** Opening Dataset content block **
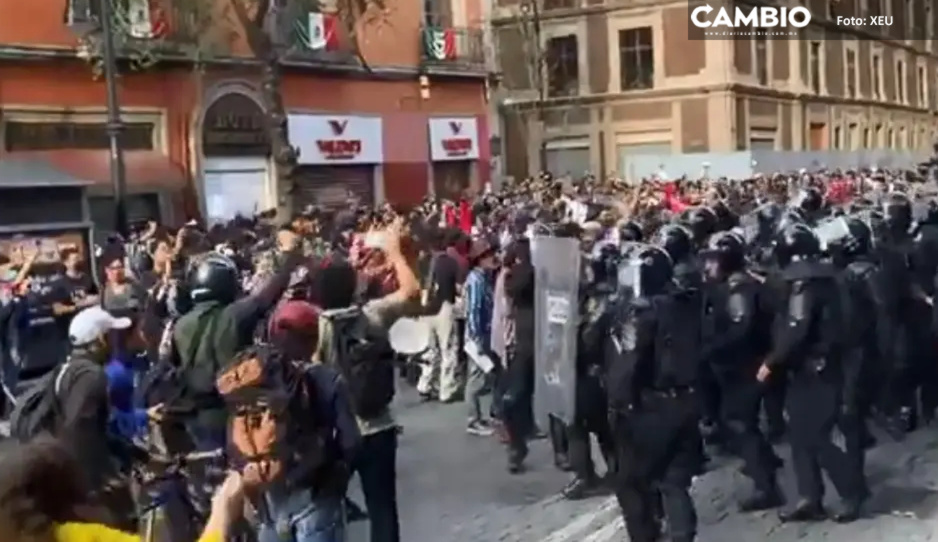 VIDEO: Se enfrentan normalistas contra policías durante marcha en la CDMX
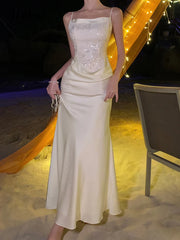 Hnewly White Tight Hip Sexy Beach Style Women's Dresses French Elegant Solid Color Slash Neck Fashion Chic Female Evening Dress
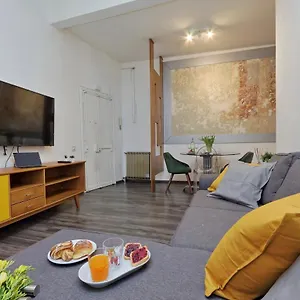  Apartment Urbana Italy
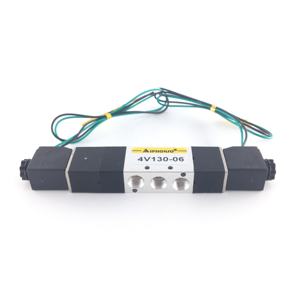 Пневматический двухходовой электромагнитный клапан Airtac типа 4V130-06 с пилотным управлением, DC/AC 12-24В, размер порта 1/8''-1/<span class=keywords><strong>2</strong></span>'' - Product Image 2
** Closing Dataset content block **
Beginning with the line that bears "Hnewly White Tight", output each line through the last line of the listing exactly, and no others; skip the pictures.

* **Solved exercise**
 Hnewly White Tight Hip Sexy Beach Style Women's Dresses French Elegant Solid Color Slash Neck Fashion Chic Female Evening Dress
  Apartment Urbana Italy
 Пневматический двухходовой электромагнитный клапан Airtac типа 4V130-06 с пилотным управлением, DC/AC 12-24В, размер порта 1/8''-1/<span class=keywords><strong>2</strong></span>'' - Product Image 2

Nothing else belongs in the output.